*** Begin section ***

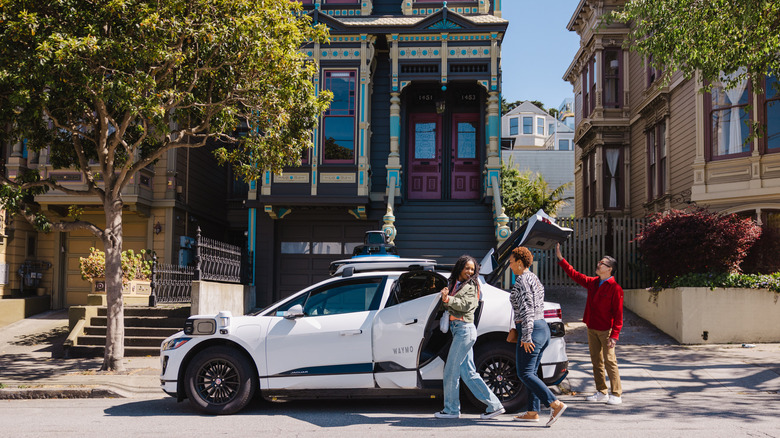 Three people using Waymo in San Franicsco, California
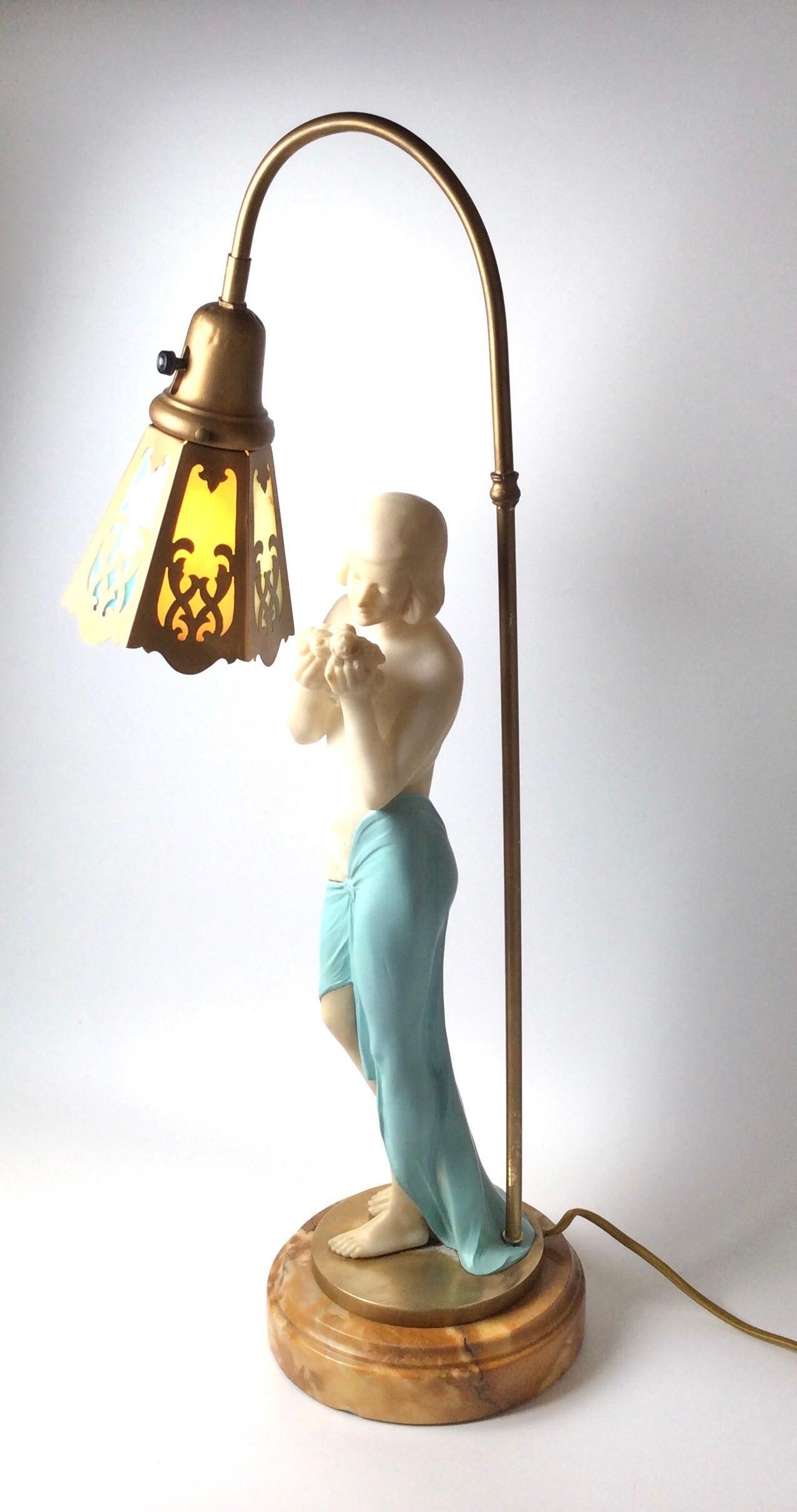 Jolie lampe figurative représentant une jolie femme portant un drapé bleu couvrant sa hanche, semi-nue sentant un bouquet de roses. Abat-jour de forme hexagonale avec 3 panneaux en verre de scorie de couleur bleue et crème. Elle repose sur un disque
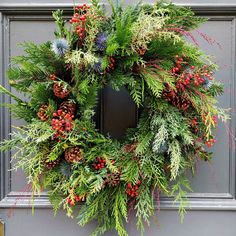 a christmas wreath hanging on the front door with pine cones and evergreens around it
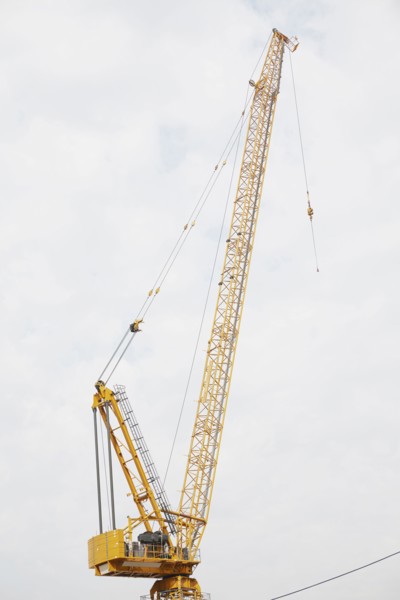 Crane against cloudy sky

*** End section ***

Each line above should be printed again exactly, though the pictures should not be.

 Three people using Waymo in San Franicsco, California
 Jolie lampe figurative représentant une jolie femme portant un drapé bleu couvrant sa hanche, semi-nue sentant un bouquet de roses. Abat-jour de forme hexagonale avec 3 panneaux en verre de scorie de couleur bleue et crème. Elle repose sur un disque
 a christmas wreath hanging on the front door with pine cones and evergreens around it
 Crane against cloudy sky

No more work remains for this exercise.